# Welcome to Databricks Data Engineer Associate Training

**Organized by:** Altcom  
**Duration:** 3 days (hands-on)  
**Target cert:** Databricks Certified Data Engineer Associate  

---

> *This training covers 100% of the exam domains with live demos, hands-on labs, and real-world scenarios.*

## 3-Day Agenda

| Day | Topics | Key Skills |
|-----|--------|------------|
| **Day 1** | Platform, ELT & Ingestion, Delta Fundamentals | Unity Catalog, read_files, CTAS, Views, Delta basics |
| **Day 2** | Delta Optimization, Streaming, Advanced Transforms | OPTIMIZE, VACUUM, Auto Loader, MERGE, CDF, Window |
| **Day 3** | Medallion & Lakeflow, Orchestration, Governance, Exam Prep | DLT pipelines, Jobs, GRANT/REVOKE, System Tables |

### Daily Structure
```
09:00 - 10:30  |  Module + Live Demo
10:30 - 10:45  |  Break
10:45 - 12:00  |  Module + Live Demo
12:00 - 13:00  |  Lunch
13:00 - 14:30  |  Module + Live Demo
14:30 - 14:45  |  Break
14:45 - 16:00  |  Hands-on Lab + Quiz
16:00 - 16:30  |  Q&A / Wrap-up
```

## Exam Domains & Coverage

| Domain | Weight | Training Day |
|--------|--------|-------------|
| Databricks Lakehouse Platform | 24% | Day 1 |
| ELT with Spark SQL and Python | 29% | Day 1-2 |
| Incremental Data Processing | 22% | Day 2 |
| Production Pipelines (DLT) | 11% | Day 3 |
| Data Governance | 14% | Day 3 |

> **Exam format:** 45 questions, 90 minutes, 70% to pass, multiple choice

## Environment Setup

Before we start, run the setup notebook to configure your personal catalog and schema.

**Your environment:**
- **Catalog:** `retailhub_{your_username}`
- **Schemas:** `bronze`, `silver`, `gold`
- **Volume:** for raw data files

Run the cell below to verify:

In [None]:
# Quick environment check
username = spark.sql("SELECT current_user()").first()[0].split("@")[0].replace(".", "_")
catalog = f"retailhub_{username}"

print(f"User:    {username}")
print(f"Catalog: {catalog}")
print(f"Schemas: bronze, silver, gold")

# Verify catalog exists
try:
    spark.sql(f"USE CATALOG {catalog}")
    print(f"\nCatalog '{catalog}' is ready!")
except Exception as e:
    print(f"\nRun 00_setup first: {e}")

## Training Materials

| Resource | Location | When |
|----------|----------|------|
| Demo notebooks | `dayX/demo/` | Follow along with trainer |
| Lab notebooks | `dayX/lab/` | Hands-on exercises |
| Lab guides | `dayX/lab/lab_guide/` | Step-by-step instructions |
| Cheatsheets | `dayX/materials/` | Quick reference (keep open!) |
| Interactive quizzes | `dayX/materials/` | End-of-day knowledge check |
| Exam prep | `day3/demo/EXAM_PREP` | Day 3 wrap-up |

> **Tip:** Open the cheatsheet for the current day in a side tab -- it's a lifesaver during labs.

## Ground Rules

1. **Ask questions anytime** -- there are no dumb questions
2. **Labs are self-paced** -- finish early?
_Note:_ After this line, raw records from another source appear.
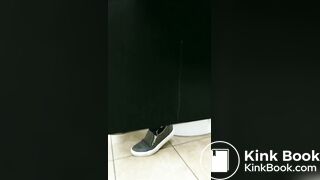 Girl pooping - video 126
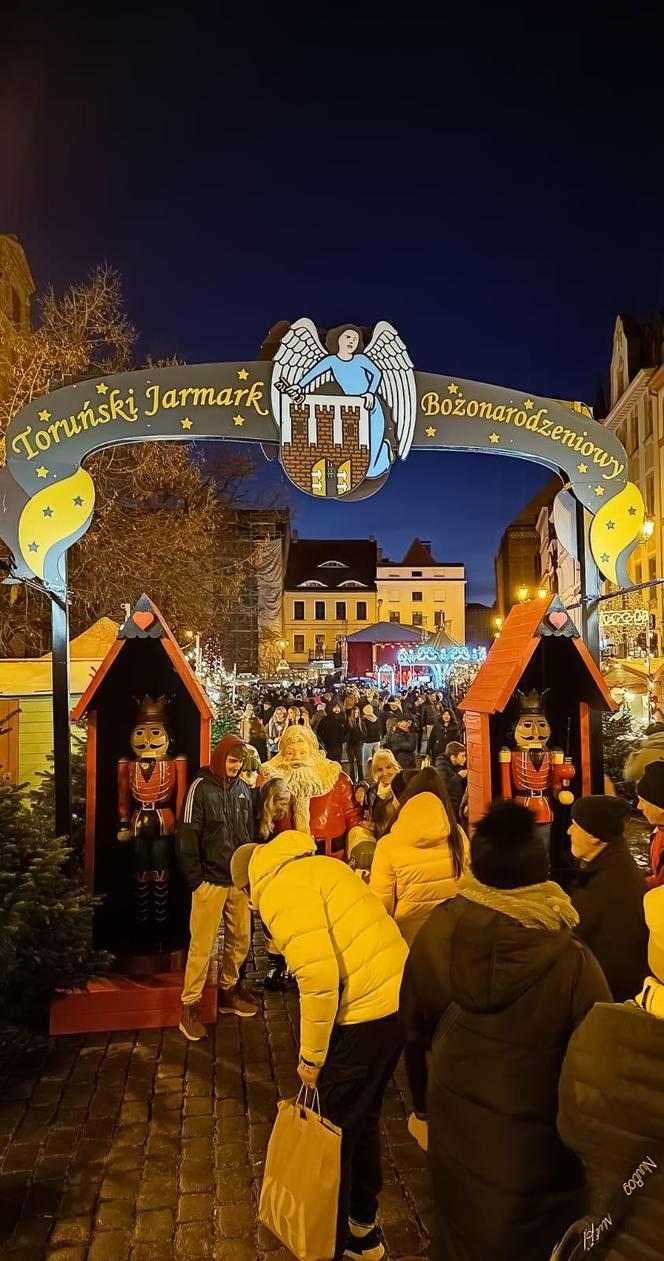 Toruński Jarmark Bożonarodzeniowy wieczorową porą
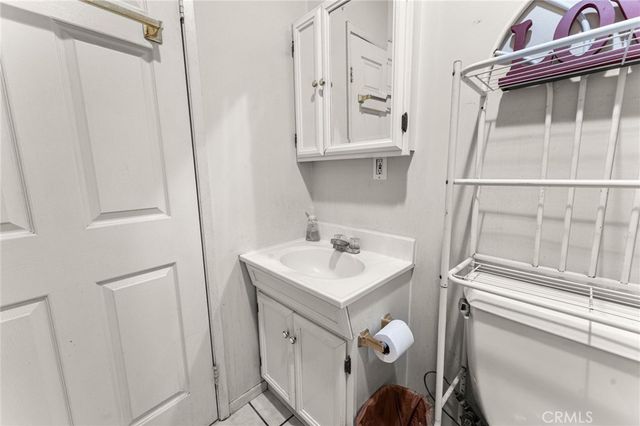 1059 N Wilton Place, Los Angeles, CA 90038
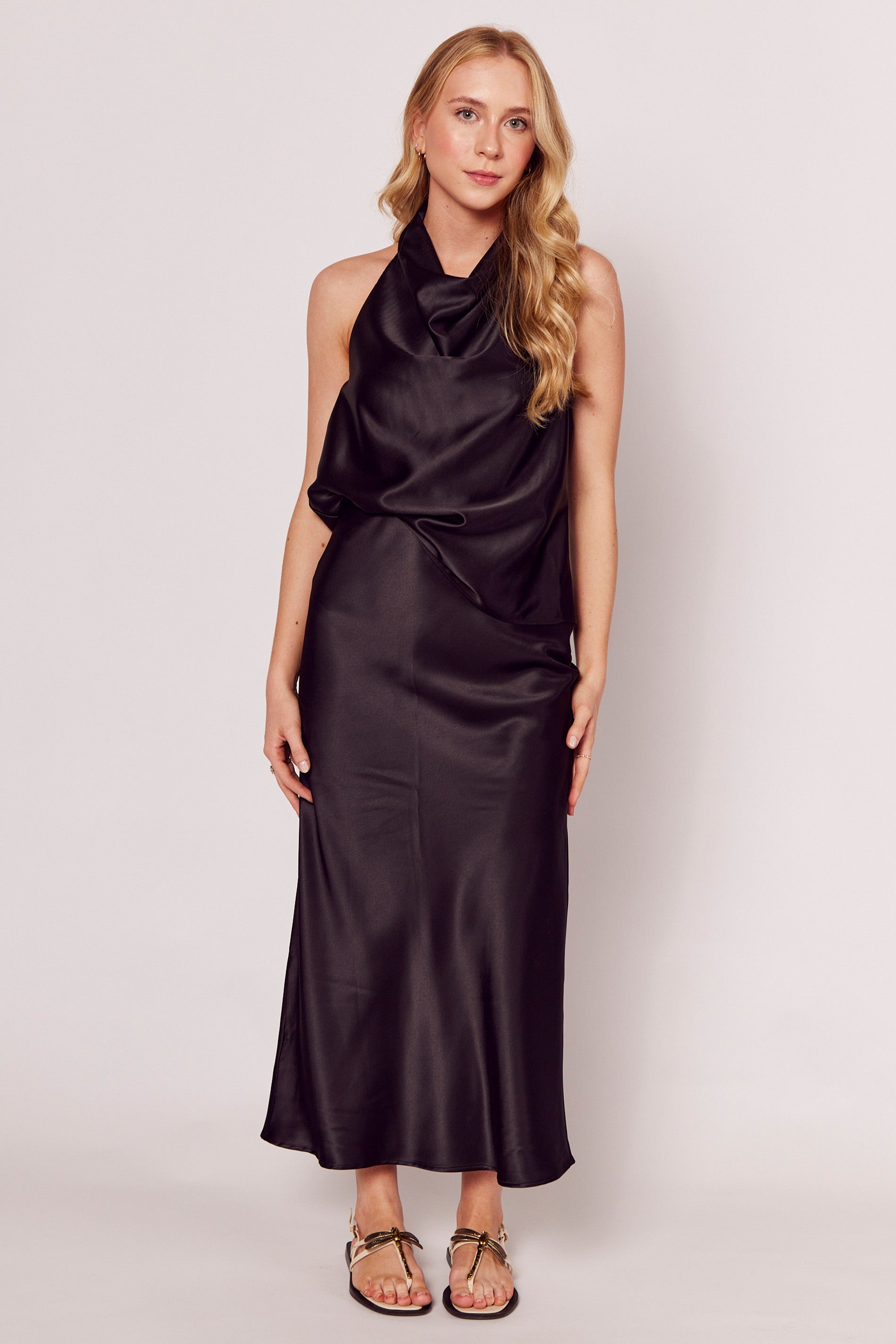 Blusa Luminare em Cetim com Gola Drapeada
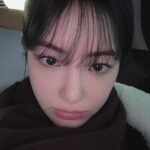 Hong Su-zu Instagram - 쪼끔 늦었지만 건강하고 행복한 2024년 보내시길!! 🙆🏻‍♀️🩷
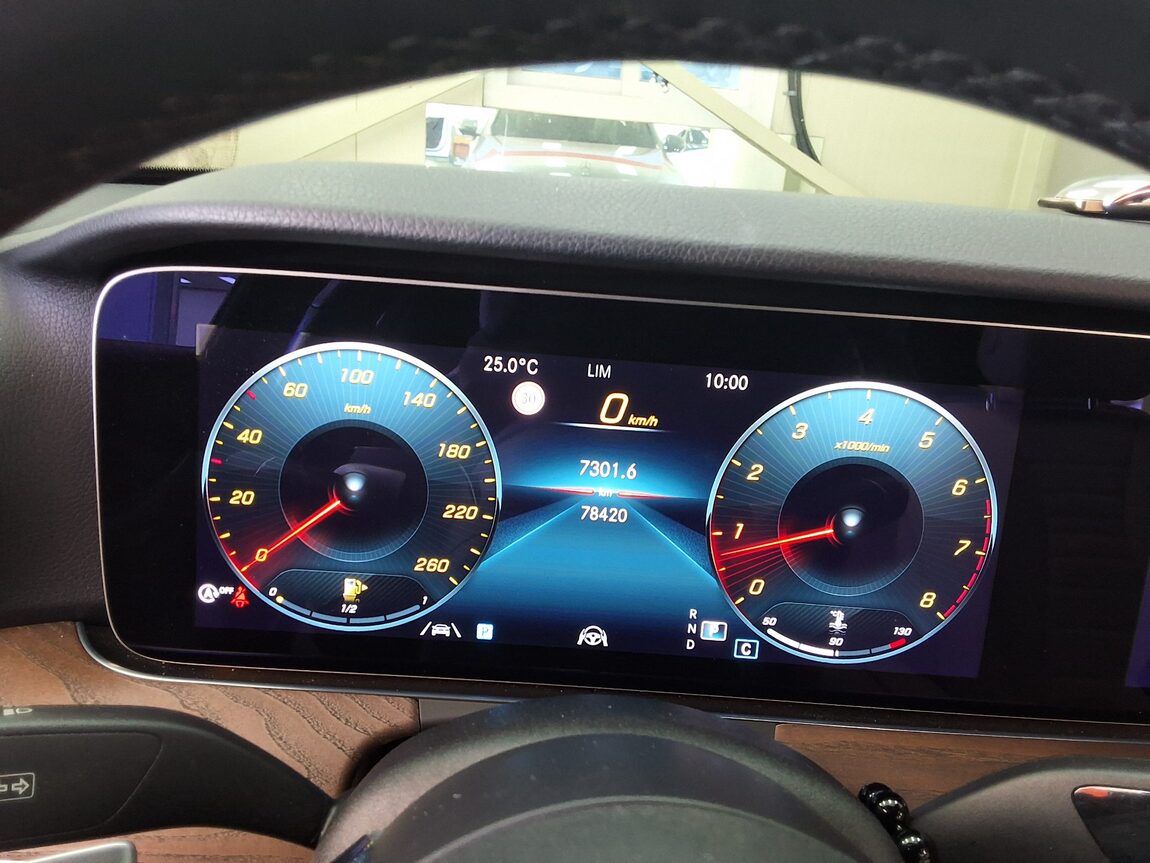 MERCEDES-BENZ E-CLASS (5TH GEN) E250 EXCLUSIVE 2022 - zdjęcie 10
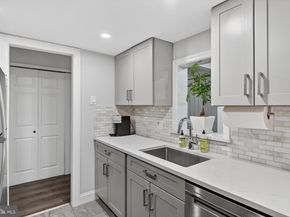 159 Drummers Lane 159, Wayne PA 19087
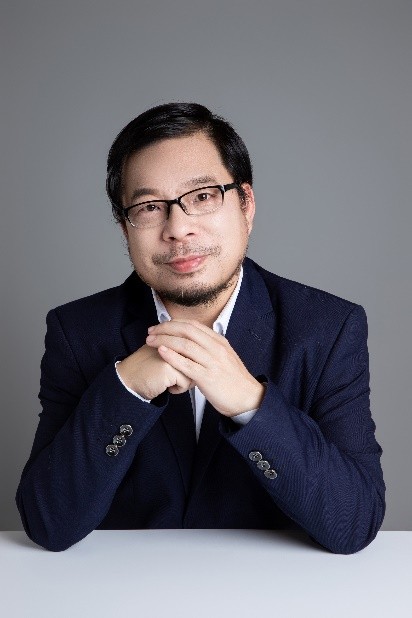 陈坚老师形象照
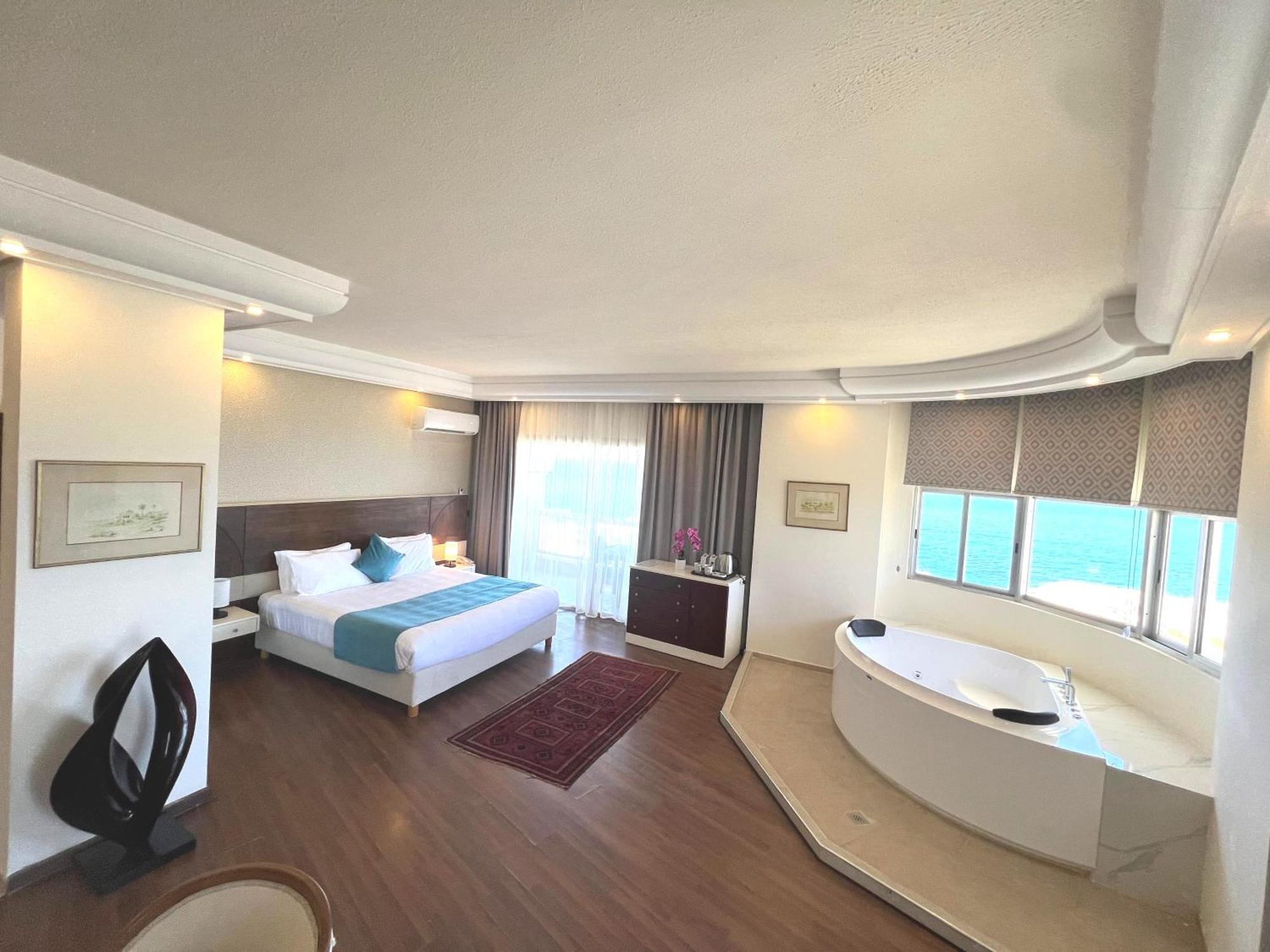 Hotel Mediterranee Beyrouth エクステリア 写真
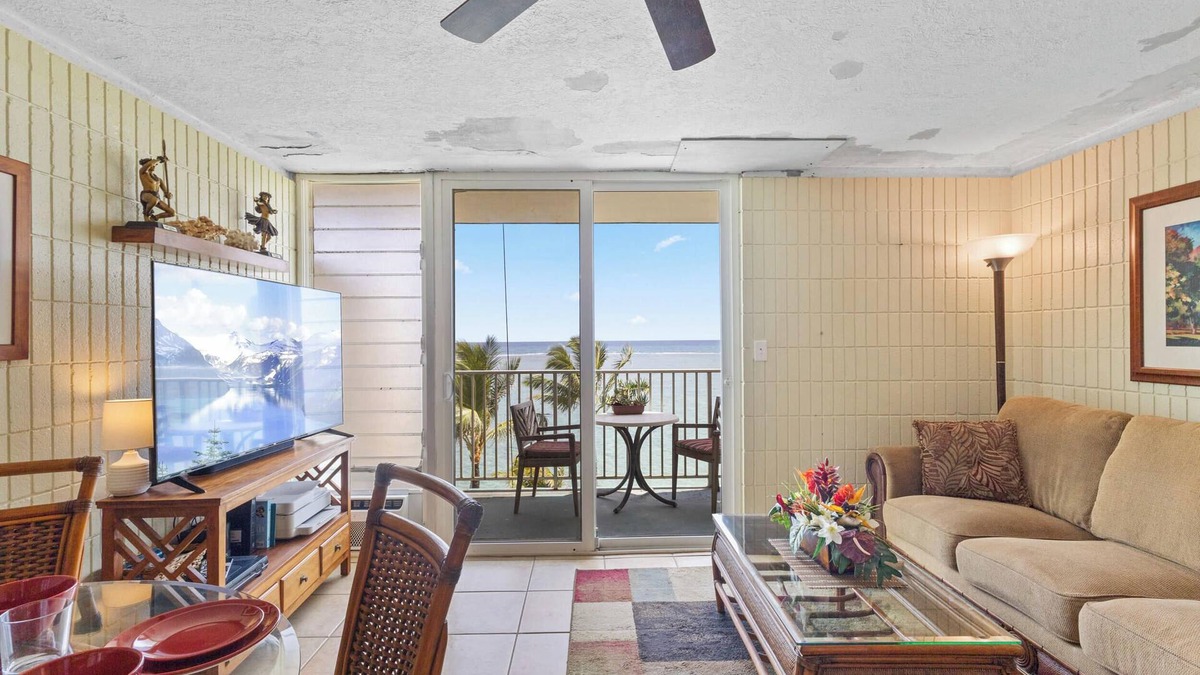 Punaluu Condo | Beachfront Studio w Amazing Views
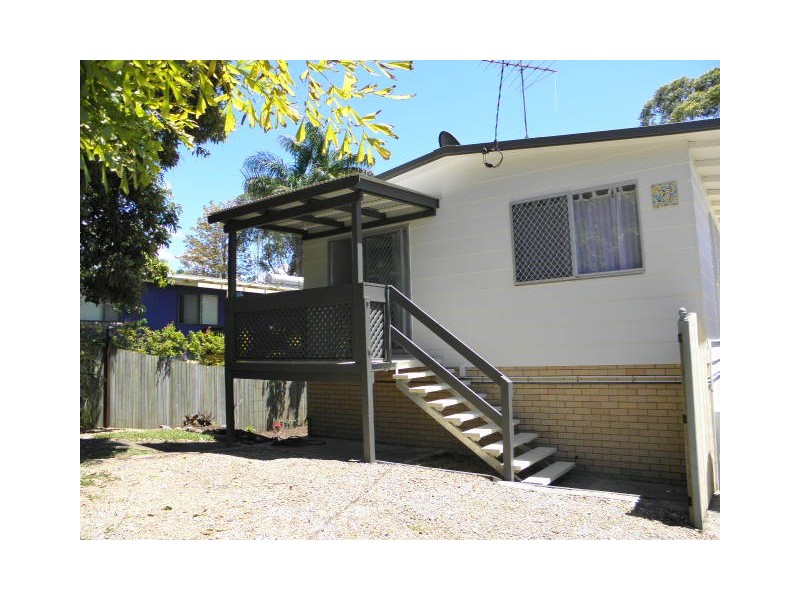 27 Oloway Crescent, Maroochydore QLD 4558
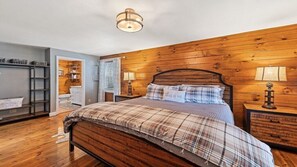 3 bedrooms, WiFi, bed sheets - Wakulla Woods Retreat (Waynesville)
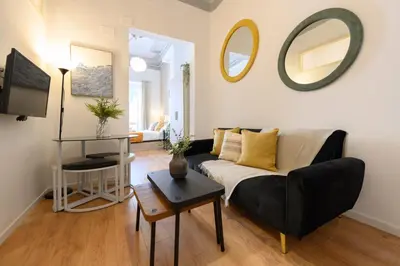 Zona de estar de Apartamento de 1 dormitorio con balcón en el corazón de Madrid Temporal CER822
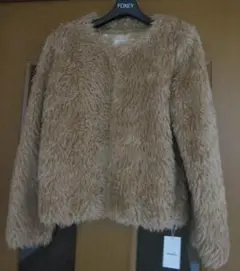 dazzlin ダズリン タグ付 ふわふわファーショートコート ベージュ系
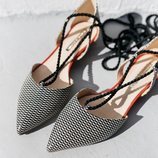 Zapatos con estampado negro y blanco con unas tiras negras para atar de la nueva colección primavera/verano 2018 de Hannibal Laguna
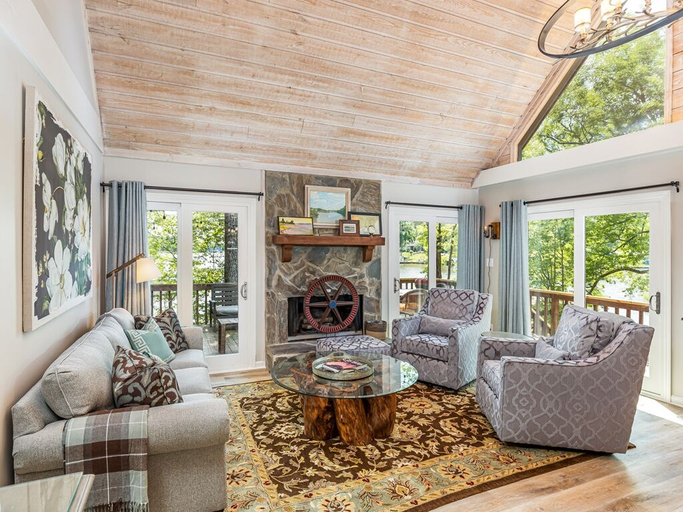 Others 5, Bear Creek Cottage, Putnam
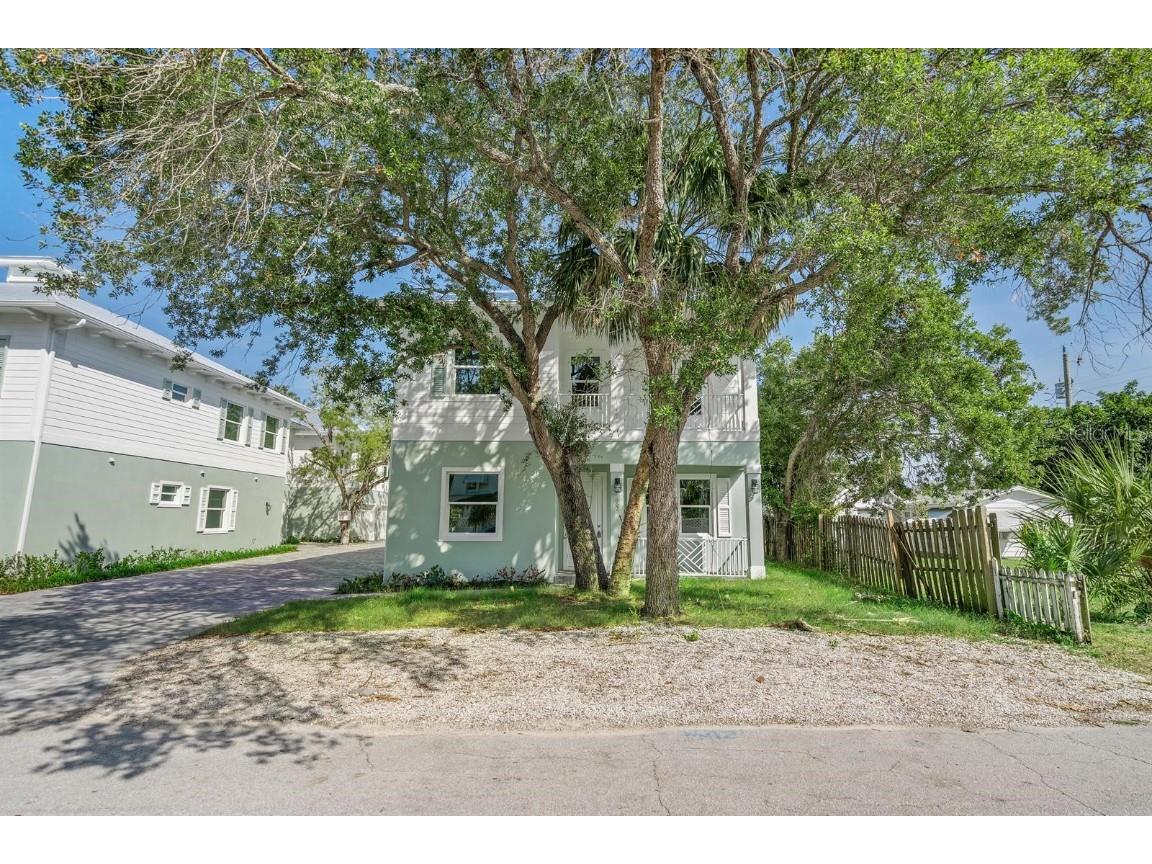 667 SW Cleveland Avenue #2 Stuart FL 34994 O6368133 image2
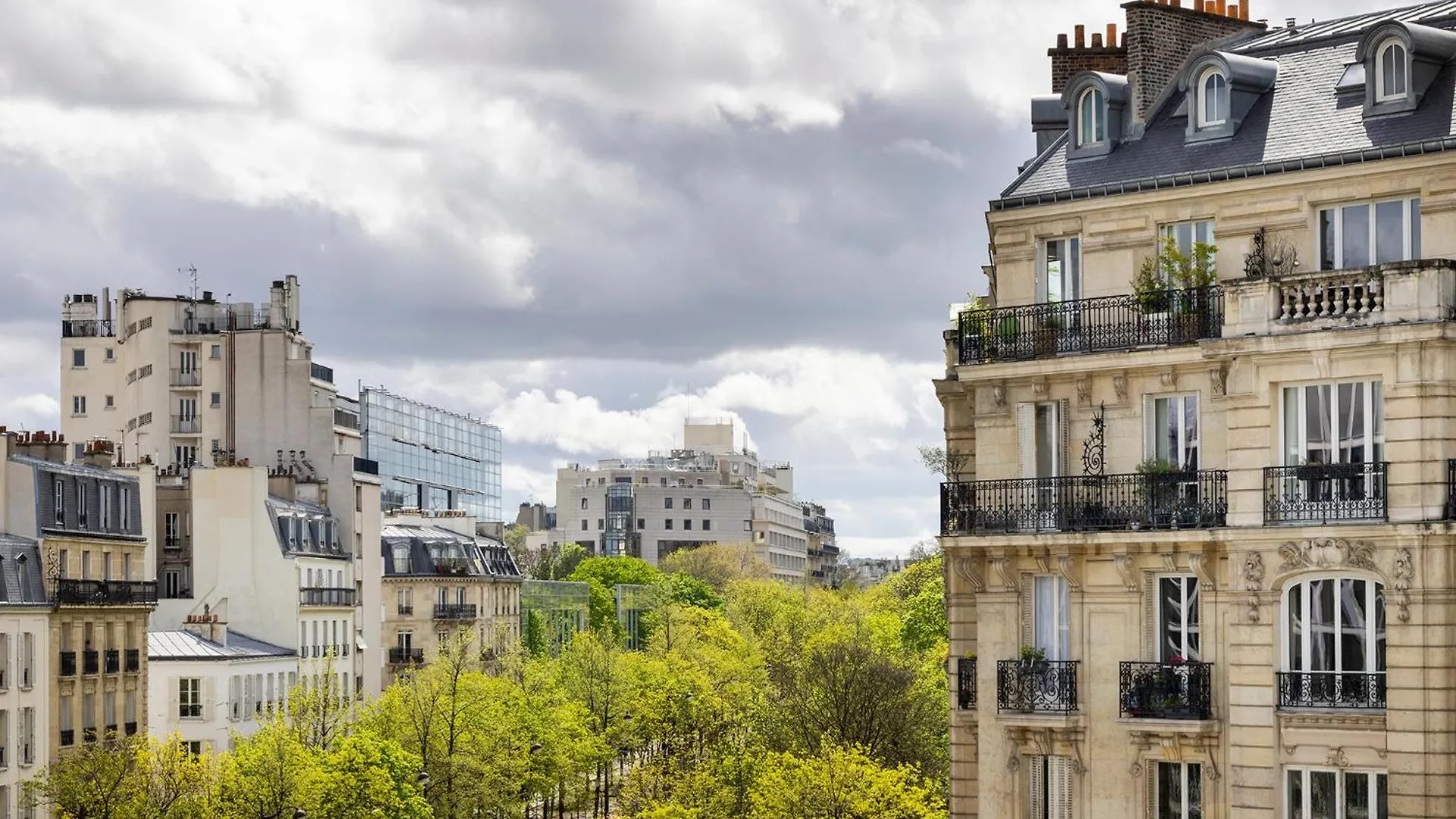 Hotel Aiglon Paris
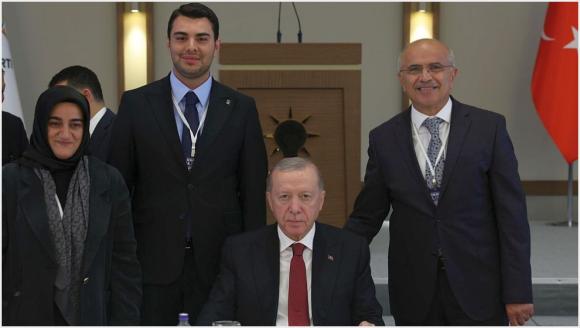 Cumhurbaşkanı Başkanlığındaki Toplantıya Katıldılar..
Try the bonus challenges
3. **Mistakes are welcome** -- that's how we learn Delta recovery!
4. **Collaborate** -- help your neighbor, discuss approaches
5. **Have fun** -- data engineering is awesome

---

### Let's get started!

Open `day1/demo/01_platform_intro` when the trainer says go.